どのくらい歩いたのか、窪地に4人ほどの隊員が潜んでいた。
「大丈夫ですか!?」
「君ら…………新兵か?」
「はい…駆逐した跡地の確認を任されて…」
「クソ…君等じゃ無理だ…救援要請のビーコンは出せるか?俺のは壊れた。」
「はい!…………出しました。ここに置きます。
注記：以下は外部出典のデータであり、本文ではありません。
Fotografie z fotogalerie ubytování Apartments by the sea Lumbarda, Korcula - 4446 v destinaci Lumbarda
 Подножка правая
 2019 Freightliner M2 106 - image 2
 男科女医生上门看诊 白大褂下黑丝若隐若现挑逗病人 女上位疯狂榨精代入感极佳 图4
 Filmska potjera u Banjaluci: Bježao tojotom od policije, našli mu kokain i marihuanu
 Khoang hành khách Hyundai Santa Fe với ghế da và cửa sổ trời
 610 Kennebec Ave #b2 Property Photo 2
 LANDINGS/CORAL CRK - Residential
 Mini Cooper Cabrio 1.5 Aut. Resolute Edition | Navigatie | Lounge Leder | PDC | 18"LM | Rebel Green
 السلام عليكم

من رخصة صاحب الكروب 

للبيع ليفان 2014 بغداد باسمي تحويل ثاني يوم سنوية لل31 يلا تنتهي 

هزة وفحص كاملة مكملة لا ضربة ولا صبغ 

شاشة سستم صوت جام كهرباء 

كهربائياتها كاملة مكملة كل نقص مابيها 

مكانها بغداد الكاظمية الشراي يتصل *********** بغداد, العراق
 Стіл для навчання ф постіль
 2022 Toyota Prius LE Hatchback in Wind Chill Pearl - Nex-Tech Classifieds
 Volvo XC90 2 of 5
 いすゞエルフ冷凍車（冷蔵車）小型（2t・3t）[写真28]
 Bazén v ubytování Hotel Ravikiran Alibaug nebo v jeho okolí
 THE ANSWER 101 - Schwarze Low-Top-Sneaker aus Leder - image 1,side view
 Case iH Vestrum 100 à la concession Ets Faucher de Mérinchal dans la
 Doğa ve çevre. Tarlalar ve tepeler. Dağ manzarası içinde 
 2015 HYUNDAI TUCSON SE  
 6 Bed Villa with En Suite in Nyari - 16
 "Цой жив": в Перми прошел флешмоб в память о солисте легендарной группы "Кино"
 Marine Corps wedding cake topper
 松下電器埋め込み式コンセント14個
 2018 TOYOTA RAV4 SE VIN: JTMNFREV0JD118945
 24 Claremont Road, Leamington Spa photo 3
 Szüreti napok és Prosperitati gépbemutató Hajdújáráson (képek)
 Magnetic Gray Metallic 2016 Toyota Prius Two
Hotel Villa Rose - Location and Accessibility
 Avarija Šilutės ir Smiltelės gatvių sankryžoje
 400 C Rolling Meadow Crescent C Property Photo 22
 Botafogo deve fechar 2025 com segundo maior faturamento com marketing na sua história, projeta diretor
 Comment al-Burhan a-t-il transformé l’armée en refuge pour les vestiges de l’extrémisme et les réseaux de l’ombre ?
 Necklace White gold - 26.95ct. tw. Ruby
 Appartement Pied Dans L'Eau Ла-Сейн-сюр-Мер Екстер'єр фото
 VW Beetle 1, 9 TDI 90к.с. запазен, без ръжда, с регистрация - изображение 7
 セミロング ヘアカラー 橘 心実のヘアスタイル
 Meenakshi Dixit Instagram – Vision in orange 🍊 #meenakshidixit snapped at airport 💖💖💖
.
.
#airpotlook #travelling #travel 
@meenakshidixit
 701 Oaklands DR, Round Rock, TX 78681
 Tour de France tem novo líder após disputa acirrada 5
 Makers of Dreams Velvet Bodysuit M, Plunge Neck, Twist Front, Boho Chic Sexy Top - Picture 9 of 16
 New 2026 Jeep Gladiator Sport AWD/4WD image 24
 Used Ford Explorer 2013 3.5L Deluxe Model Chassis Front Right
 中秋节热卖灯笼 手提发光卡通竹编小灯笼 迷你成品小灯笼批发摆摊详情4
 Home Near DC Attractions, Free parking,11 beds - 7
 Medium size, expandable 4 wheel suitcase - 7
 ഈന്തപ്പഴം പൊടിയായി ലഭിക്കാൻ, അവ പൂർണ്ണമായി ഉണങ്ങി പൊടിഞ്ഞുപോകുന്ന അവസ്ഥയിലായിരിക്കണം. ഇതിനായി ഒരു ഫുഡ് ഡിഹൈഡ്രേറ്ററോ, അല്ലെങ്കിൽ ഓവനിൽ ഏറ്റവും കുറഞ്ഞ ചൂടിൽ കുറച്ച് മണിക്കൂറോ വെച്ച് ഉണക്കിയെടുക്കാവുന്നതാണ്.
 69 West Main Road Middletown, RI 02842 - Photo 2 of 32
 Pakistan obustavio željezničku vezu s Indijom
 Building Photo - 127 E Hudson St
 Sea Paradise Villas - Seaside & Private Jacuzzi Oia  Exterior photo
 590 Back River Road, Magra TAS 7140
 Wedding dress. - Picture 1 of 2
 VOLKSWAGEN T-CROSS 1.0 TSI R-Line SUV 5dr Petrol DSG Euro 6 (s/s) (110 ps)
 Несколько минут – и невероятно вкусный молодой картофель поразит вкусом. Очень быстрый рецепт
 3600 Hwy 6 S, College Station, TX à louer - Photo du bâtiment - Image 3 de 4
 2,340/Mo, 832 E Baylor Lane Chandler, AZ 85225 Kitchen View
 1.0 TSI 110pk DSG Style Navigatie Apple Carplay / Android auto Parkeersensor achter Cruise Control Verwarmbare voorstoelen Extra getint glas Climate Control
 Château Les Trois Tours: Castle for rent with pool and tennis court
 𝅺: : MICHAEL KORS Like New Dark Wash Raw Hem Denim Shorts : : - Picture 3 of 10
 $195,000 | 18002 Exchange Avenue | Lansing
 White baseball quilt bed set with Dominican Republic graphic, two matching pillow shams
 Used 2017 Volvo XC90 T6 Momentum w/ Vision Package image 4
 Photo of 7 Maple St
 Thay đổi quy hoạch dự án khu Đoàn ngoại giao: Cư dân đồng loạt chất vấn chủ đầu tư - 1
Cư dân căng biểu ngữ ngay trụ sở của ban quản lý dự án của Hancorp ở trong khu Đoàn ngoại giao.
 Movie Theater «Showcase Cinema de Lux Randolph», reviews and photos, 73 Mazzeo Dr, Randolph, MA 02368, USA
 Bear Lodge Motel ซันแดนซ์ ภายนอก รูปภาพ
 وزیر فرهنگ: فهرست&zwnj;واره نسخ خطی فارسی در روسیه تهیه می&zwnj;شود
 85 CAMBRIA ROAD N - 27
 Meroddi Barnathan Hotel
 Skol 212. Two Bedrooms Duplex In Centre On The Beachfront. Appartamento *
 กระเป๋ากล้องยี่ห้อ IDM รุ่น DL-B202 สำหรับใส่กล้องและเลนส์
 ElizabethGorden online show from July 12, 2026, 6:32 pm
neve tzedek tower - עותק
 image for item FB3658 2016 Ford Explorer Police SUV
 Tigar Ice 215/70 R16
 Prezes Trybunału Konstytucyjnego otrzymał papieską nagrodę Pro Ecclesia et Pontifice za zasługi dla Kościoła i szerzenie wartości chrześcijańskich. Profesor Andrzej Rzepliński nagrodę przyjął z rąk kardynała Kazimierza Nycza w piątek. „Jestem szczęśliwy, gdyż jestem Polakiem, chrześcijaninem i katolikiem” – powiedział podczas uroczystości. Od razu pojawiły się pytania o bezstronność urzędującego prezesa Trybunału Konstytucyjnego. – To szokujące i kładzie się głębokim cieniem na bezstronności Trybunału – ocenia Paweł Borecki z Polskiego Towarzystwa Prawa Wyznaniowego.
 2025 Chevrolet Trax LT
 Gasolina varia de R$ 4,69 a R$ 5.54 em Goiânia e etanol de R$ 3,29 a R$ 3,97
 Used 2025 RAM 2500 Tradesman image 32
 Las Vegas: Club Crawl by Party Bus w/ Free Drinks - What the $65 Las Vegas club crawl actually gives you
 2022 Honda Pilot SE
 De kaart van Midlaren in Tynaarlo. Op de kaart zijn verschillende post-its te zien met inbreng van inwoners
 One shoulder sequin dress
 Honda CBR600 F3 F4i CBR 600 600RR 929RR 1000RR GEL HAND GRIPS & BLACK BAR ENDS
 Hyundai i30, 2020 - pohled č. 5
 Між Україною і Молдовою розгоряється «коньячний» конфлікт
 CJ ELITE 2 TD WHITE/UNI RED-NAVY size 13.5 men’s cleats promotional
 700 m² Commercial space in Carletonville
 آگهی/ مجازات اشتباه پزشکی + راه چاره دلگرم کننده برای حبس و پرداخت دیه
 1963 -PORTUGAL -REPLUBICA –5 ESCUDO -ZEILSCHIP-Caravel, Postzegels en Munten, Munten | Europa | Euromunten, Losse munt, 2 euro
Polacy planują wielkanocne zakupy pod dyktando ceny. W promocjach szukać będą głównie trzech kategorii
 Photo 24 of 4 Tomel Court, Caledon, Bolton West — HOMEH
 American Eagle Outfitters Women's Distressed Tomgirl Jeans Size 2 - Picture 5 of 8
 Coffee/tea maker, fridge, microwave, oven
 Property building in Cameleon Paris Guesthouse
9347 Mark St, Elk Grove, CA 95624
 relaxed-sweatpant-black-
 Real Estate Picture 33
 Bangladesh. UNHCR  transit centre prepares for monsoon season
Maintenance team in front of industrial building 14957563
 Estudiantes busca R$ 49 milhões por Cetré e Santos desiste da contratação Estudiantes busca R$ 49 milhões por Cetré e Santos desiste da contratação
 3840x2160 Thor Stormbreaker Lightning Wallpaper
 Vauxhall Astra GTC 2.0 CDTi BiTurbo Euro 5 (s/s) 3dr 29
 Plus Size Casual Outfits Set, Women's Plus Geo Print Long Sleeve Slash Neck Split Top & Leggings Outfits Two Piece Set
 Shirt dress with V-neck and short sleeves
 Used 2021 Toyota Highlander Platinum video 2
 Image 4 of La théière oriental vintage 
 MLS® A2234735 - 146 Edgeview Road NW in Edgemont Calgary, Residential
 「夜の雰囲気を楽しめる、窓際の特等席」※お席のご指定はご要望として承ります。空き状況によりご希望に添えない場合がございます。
」
「ありがとう…君らは来た道を帰れ…………俺は救援が来るまで待つ…………」
4人のうち二人はまったく動かないことに気づく。
話せている人も動けないようで、もう一人は息をするのがやっとなようだった。
「怪我されてるんですか?応急キットが…」
「無駄だ…………ここはもう…………酸素が…………」
「そういや…息苦しいな…」
「早く帰れ…………決して奥に行くな…………こいつらみたいになる…………」
瀕死の人は動かない二人を指さす。
ライトを当てると、無数の穴が開いていた。
「なんやこれ…………こんな穴どないしたら開くねん…………」
「蟻や蜘蛛でこんなにならへんで!?」
「蟻と蜘蛛しか会わなかったのか…………その道で良い…………戻れ…………
この奥には…………」
その時、嫌な羽音が聞こえる。
「あれだ!!!!あれが居るんだ!!!」
瀕死の隊員が叫ぶ。
「蜂!?あれ、蜂か!?」
確認する間もなく、それは針を飛ばしてきた。
成保はとっさにかわして虫を撃つ。
1匹だけだったので何とかなったが、近寄ってみると間違いなく蜂型のクリーチャーだった。
「この針に刺されたんか…」
「これならその痕がつくのも分かる…」
「それは…多分…………はぐれか…………最悪偵察…………
奥にはもっと居る…………さらに奥には…………早く…………逃げろ…………」
先輩隊員の助言に従い、ビーコンを置いて、来た道を戻ろうとするが…
「柚ちゃん…?柚ちゃん!?しっかりせえ!」
「固まってもうてる…顔、真っ青やで…?」
「蜂…………女王蜂…………」
蜂を見て怯える私を見て、充斗と成保は隊長からの報告を思い出す
『彼女の所属していた分隊は…巨大蜂の巣の最奥で全滅した』
「ヤバいで…隊長の話やと…柚ちゃんは…」
「こいつの親玉にやられたんや!」
私は二人が何か小声で話しているのにも気づかず、こわばる体の中、勝手に言葉が出る。
「アイアンメイデンって知ってる…?」
「イギリスのヘヴィメタル・バンドやろ?」
「そっちちゃうやろ!」
「アイアンメイデンは中世の拷問具…
人が入れる人形で…中に無数の針がついてる…入れられた人は串刺しになる…」
「柚ちゃん!アイアンメイデンは架空の拷問具や!そんなんはあれへん!」
「あの蜂は針を飛ばすの…
無数の針で刺されて…四方八方から…それこそ…アイアンメイデンに入れられたみたいに…」
(あかん…!このまま柚ちゃんに蜂を見せたら心が持たへん!)
「後退や!成保!ええとこ探してくれ!」
「こっちや!」
「知っとんのかい!」
「俺はいつでも虫の居ない所を見つけながら動いとるんや!」
「…虫嫌いも役に立つやんけ…いざとなったら逃げる気やったな…?」
「やかましいわ!今がその時や!」
硬直してうずくまる私を抱えて、二人は必死に安地へ向かう。
しかし、元来た道は蟻や蜘蛛であふれかえっていて、とても進めなくなっていた。
さらにさっきの蜂は最悪の偵察だったようで、羽音が迫ってくる。
羽音を遠ざけるように穴を進み、なんとか窪地に逃げ込むと
ビーコンを出して他の隊が来るのを待つ。
「俺がここに立って壁になる。援護が来るまで動くんやないで!」
充斗が前に盾をかざして立ち塞ぎ
頭を押さえて震える私を成保が支える。
「ダメ…無数の針が…」
「柚ちゃん!!」
成保が私の肩を掴んで顔を近づけ、目を合わせる。